Mr Brown has advertised for staff via tasagjobs.com.au, Facebook and a sign on the Bass Highway saying help was wanted.
Mr Brown said he thought the shortage of workers could be traced back to the backpacker tax debate and joined the Tasmanian fruit grower delegation that visited Canberra to argue against the tax.
“It’s an absolute disgrace and I advised Canberra,” he said.
Another reason for the worker shortage was that other fruit growers had increased production, he said.
“Costa has doubled production. They have taken many of the workers,” Mr Brown said.
Costa berries, sold in Australia under the Driscoll’s brand, has expanded its operations to supply berries all year round and take on larger markets overseas.
Fruit Growers Tasmania business development manager Phil Pyke said apple growers were struggling to find pickers this season.
“There is a real shortage right across the state,” Mr Pyke said.
“We haven’t seen it get to this level before,” he said.
While Mr Pyke said the shortage in workers could not be directly attributed to the backpacker tax debate, the fact that the government took “so long dithering around” before making a decision on the tax had an affect.
“People making plans to come on first-year visas didn’t come.
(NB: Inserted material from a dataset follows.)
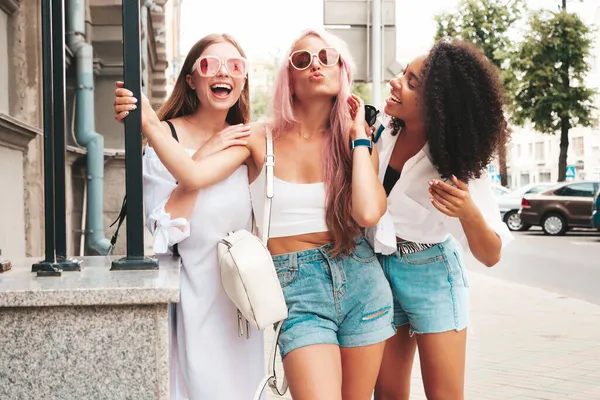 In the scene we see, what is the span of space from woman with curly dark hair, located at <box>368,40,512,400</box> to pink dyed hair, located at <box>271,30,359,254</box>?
0.64 ft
We’ve got to look at how we solve this in the long term,” he said.
Federal Parliament is considering an amendment to the backpacker’s bill - Social Services Legislation Amendment (Seasonal Worker Incentives for Jobseekers) Bill 2017 - to encourage jobseekers receiving Newstart or Youth Allowance to take up seasonal work, such as fruit picking.
If the amendment is passed the trial begins on July 1, but Mr Brown said he needs pickers now.
“We are desperate. We‘re about 60 pickers short and need more pickers in the next few days,” he said.